In the direction of approximating the cost of third (3rd) query, an individual must approximate the size of the outcomes of constraints and its particular cost. The cost of the constraints in reading the relations or tables Patient as well as Doctor along with writing the outcomes. The reading costs are pretty high for accessing the blocks. But on the other hand the writing costs are very much minor as the size of the outcomes is one (1) tuple or rows for Patient. The cost of calculating the join of Patient as well as Doctor mainly includes the cost of reading the relations or tables. This is two thousand (2000) block accesses. The outcome is very lesser in size as well as for that reason the cost of writing the outcome back again is minor. Hence, the all total cost of third (3rd) query plan is “reading cost of Patient relation or table + reading cost of Doctor relation or table”.
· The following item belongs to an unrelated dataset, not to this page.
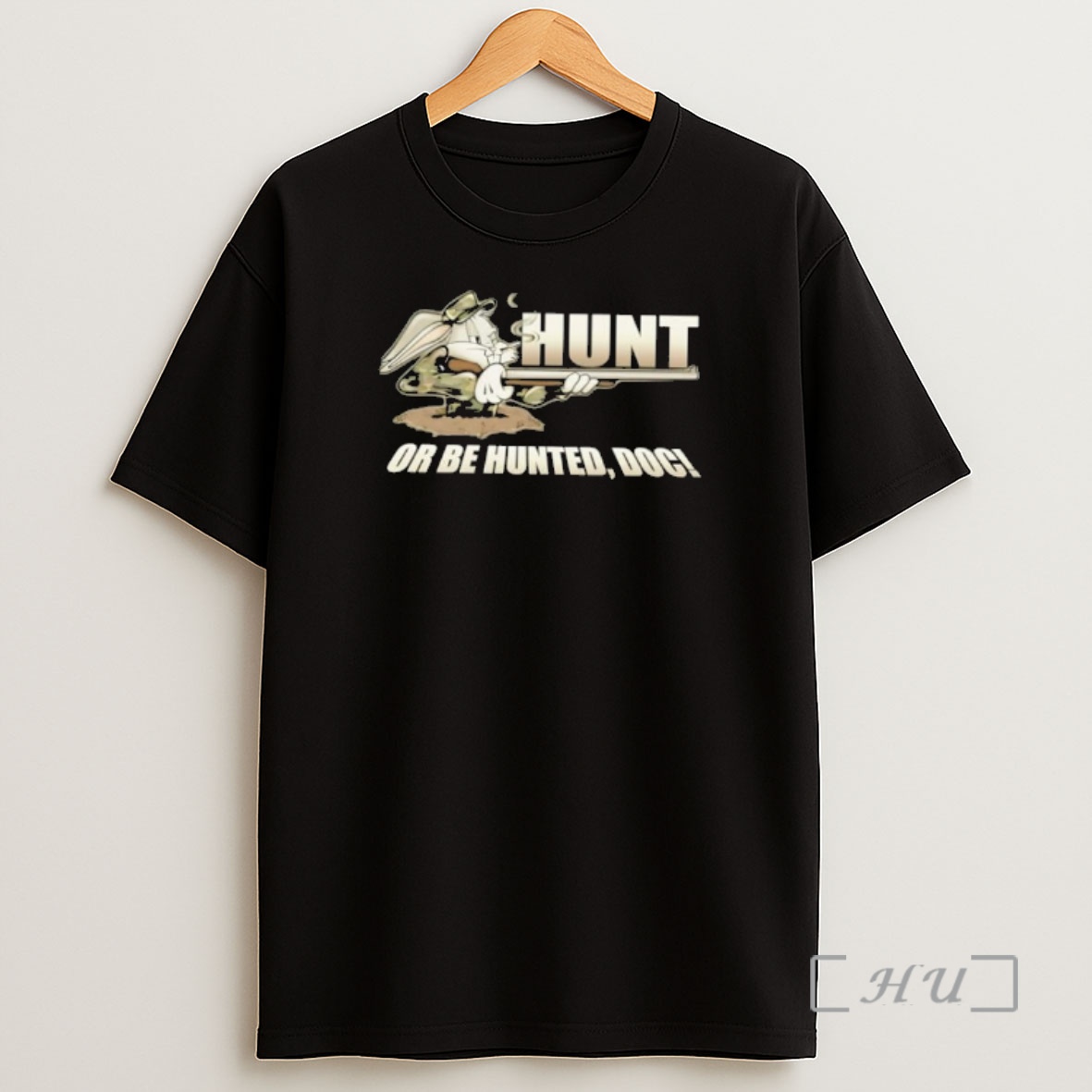 Officials Hunt Or Be Hunted Doc Bugs Bunny Camouflage Hunting Rifle Smoking Shirt Sweatshirt Tee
Same type of approximations can be attained for executing the fourth (4th) query. But at this point of time the cost is not needed to be calculated, as the above mentioned approximations are enough to demonstrate that brute force technique of query executing is not likely to be effective. The cost can be considerably condensed when the query plan is improved. The concern of improvisation is unquestionably much more difficult than approximating the costs like it was shown in the above, as in the above mentioned approximation an individual did not think through the several substitute accessing paths which may be existing to the system for accessing every single relation or tables.
The above mentioned cost approximations expected that the accessing cost of the secondary storage controls the query handling costs. This is frequently a sensible hypothesis though the cost of communication is repeatedly very significant if an individual is handling with a dispersed system. The cost of storing can be significant in huge databases as a number of queries might need a big transitional outcome. The cost of Central Processing Unit (CPU) unquestionably is at all times significant as well as it is not unusual for database systems to be Central Processing Unit (CPU) bound than Input / Output (I/O) bound as is generally expected. In this article it has been undertaken as a centralized system where the cost of accessing the secondary storing is expected to govern additional costs even though it can be identify that this situation is not every time correct. For an instance, system “S1” practices –
COST = No. of PAGES FETCHED + CPU OPERATION
As soon as a query is itemized to a Database Management System (DBMS), it should select the superlative method to execute the query, with the given database information about the database. The perfection part of query handling normally is comprised of the subsequent processes.
1. An appropriate internal illustration
2. Rational alteration of the query
3. Access path and collection of the substitutes
4. Approximation of costs as well as choosing the best path.
The in details discussion has been provided in the subsequent part of this article series.
In the next part we will be discussing the Internal Query Arrangement process, Logical Renovations and Heuristic Method for Query Processing (Continued to Part – 4).